Of all the industries facing upheavals following the passage of the healthcare reform bill, none is in for more change than the insurance industry.
Insurers will have the luxury of covering millions of healthy young adults who will be forced to buy their products. However, the companies are grappling with rules that will dictate how much of every dollar they must spend on medical costs.
Effects of the New Law
The legislation requires that insurers provide a certain minimum level of benefits in the health insurance exchanges that individuals and small firms must use to buy coverage, beginning in 2014.
Some of the changes that the legislation requires will have a negative effect on insurers' profits. First, there is a reduction in government payments to Medicare Advantage plans of about $200 billion.
And by 2014, companies that weed out unhealthy patients and put lifetime caps on payments to customers who were chronically ill will be prohibited from doing so.
On the plus side, young and healthy patients will receive a tax penalty if they do not buy insurance. This will help to balance out the cost of the sick for insurance companies.
However, insurance companies contend that the penalties are not stiff enough...that healthy people will still opt to not buy insurance.
The new healthcare law will create a new national standard for Medicaid eligibility, eliminating disparities. For instance, a family of four in Texas making $16,000 a year was not eligible for Medicaid, but a similar family in Minnesota was eligible.
The new law will mean that many more patients walking through hospital companies' doors will have Medicaid coverage. This will mean higher profits for companies involved in that sector of health insurance.
There are also questions about the companies’ long-term prospects given that many of the functions they serve today, such as assessing risk, will fundamentally change over the years.
And there is something else which concerns the insurance companies...
How Insurance Dollars Are Spent
There is a provision in the new law that requires providers in big markets to spend 85 percent or more of every dollar they make paying people's medical claims.
In short, the law will force insurers to shift how they spend their money. Insurers will be forced to pay more for patient services and less for marketing and other practices the government sees as non-essential.
If insurance companies fail to meet the 85 percent threshold, they will be forced to pay customers a rebate!
The amount insurers actually spend on claims is known as the medical loss ratio or MLR. For the first time ever, the MLR will now be known to the public. Supporters of the recent legislation say this is good – it will put more money into “actual care” instead of advertising, profits or bonus.
At the moment, no one is sure what expenses will be allowed by the government to be included in the MLR. The new rules are set to be implemented next year.

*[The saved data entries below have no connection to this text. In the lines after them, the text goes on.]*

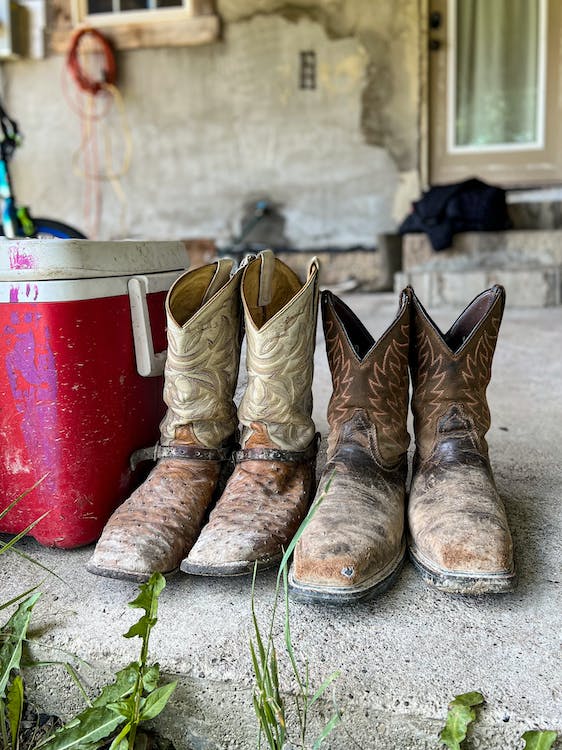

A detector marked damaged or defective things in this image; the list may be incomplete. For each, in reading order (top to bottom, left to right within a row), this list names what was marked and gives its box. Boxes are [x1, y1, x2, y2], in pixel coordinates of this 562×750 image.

cracked plaster wall [2, 0, 418, 247] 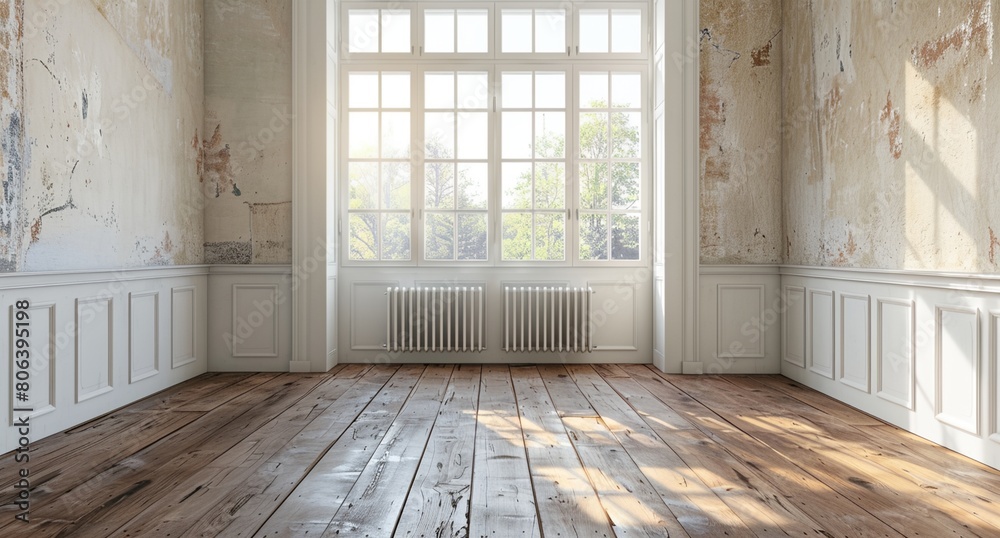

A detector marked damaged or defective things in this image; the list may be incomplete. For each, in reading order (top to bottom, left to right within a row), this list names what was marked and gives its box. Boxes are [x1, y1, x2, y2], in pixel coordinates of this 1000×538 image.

peeling paint wall [1, 0, 203, 268]
peeling paint wall [201, 0, 292, 264]
peeling paint wall [700, 0, 784, 264]
peeling paint wall [784, 0, 996, 270] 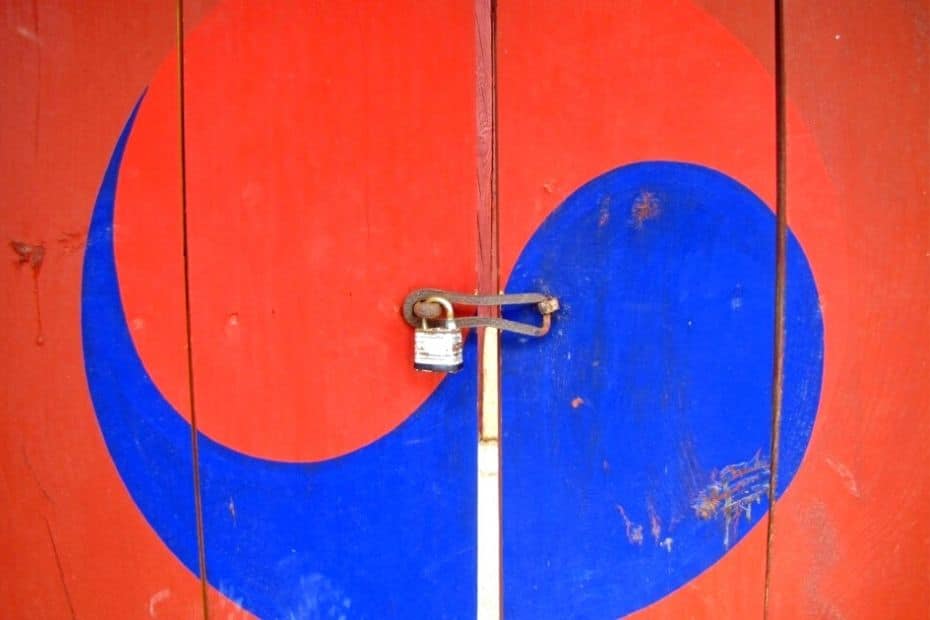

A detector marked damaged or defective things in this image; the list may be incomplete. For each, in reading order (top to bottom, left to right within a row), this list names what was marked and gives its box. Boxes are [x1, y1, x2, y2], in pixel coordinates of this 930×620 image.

rusty metal latch [400, 288, 560, 336]
peeling paint [688, 450, 768, 548] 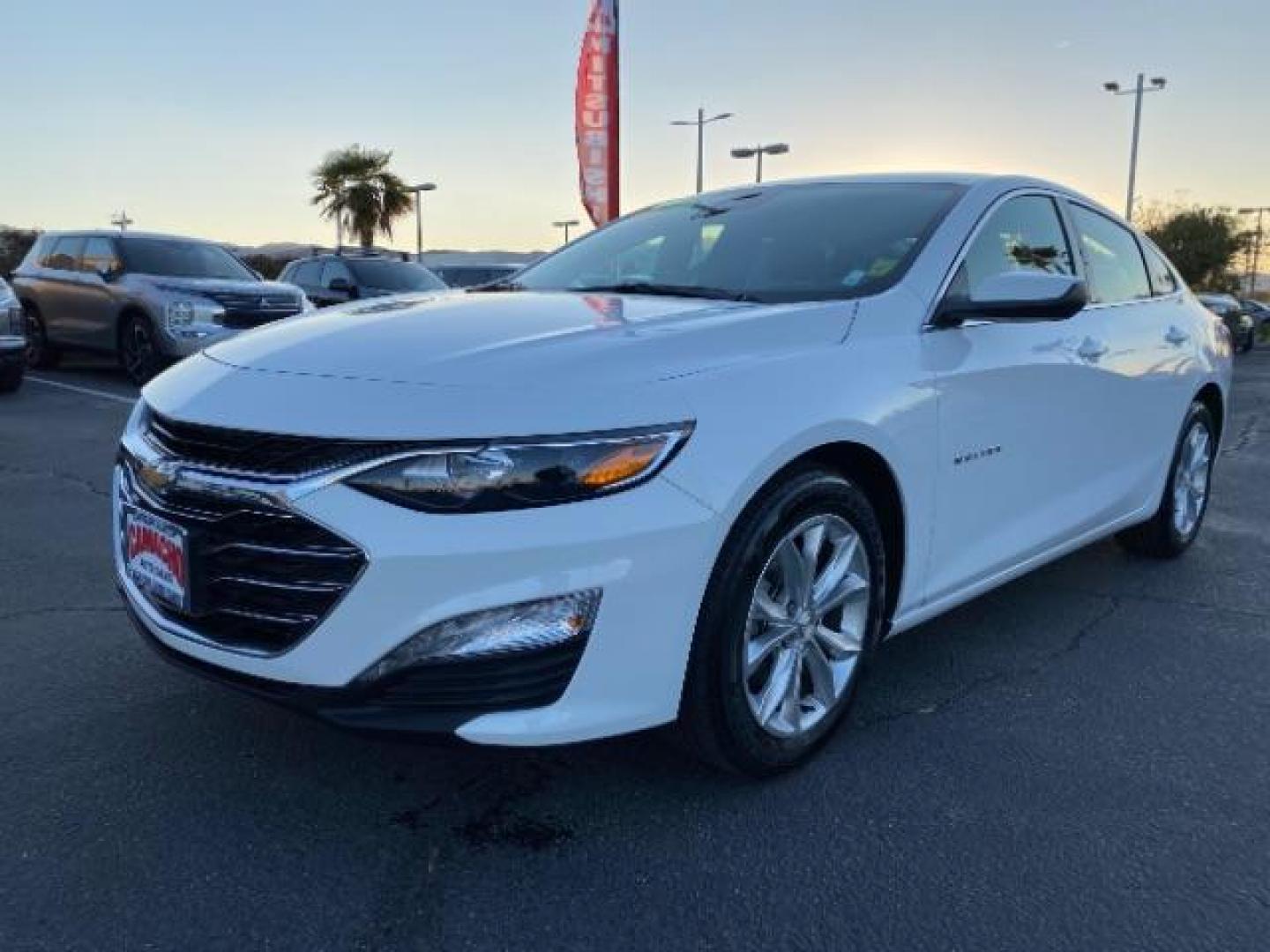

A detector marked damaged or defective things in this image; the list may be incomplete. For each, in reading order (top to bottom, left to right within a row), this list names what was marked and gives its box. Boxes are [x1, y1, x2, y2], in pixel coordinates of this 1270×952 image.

pavement crack [0, 465, 109, 500]
pavement crack [853, 599, 1122, 725] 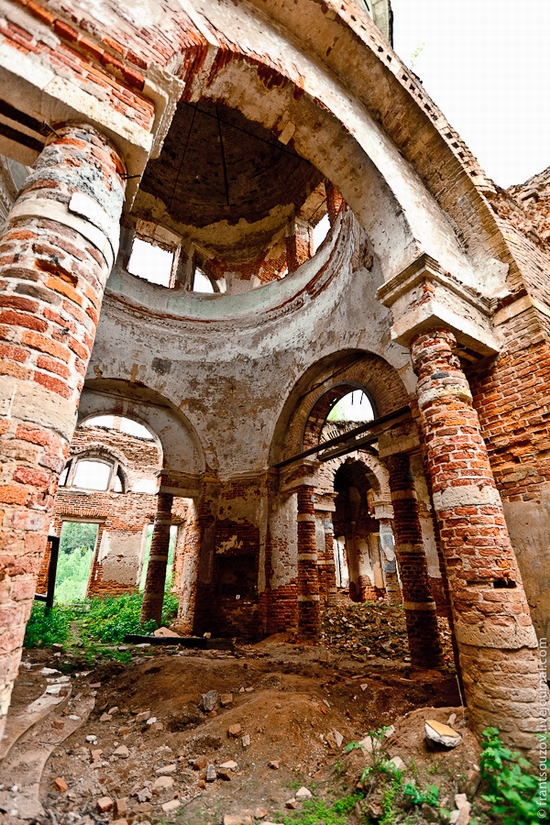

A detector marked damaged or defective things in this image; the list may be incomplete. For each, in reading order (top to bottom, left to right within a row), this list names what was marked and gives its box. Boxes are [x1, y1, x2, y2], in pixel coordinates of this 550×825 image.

broken window opening [128, 237, 176, 288]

The CEO of Aetna (NYSE: AET), Ronald Williams, says insurers need to convince the government that certain expenses do deal with quality care, even though they appear to be administrative.
Aetna employs 7,800 people, 23 percent of its workforce, in “healthcare delivery functions.” One example of such functions is ensuring that patients with chronic illnesses understand their condition and keep their appointments.
If the government moves to classify those services as administrative costs, they are likely to be cut back. Mr. Williams says, “If we are to reduce that, it will actually only increase healthcare costs.”
The simple truth is that the new law simply established a framework for the future. The regulations, institutions and mechanisms that will determine how it functions have yet to be created or put into effect.
So the future for many health insurance companies and investors in those companies is still rather unclear.
Investors looking to invest into a health insurance company need to look for a company that is less affected by MLR and other changes and that may actually benefit from the new healthcare legislation.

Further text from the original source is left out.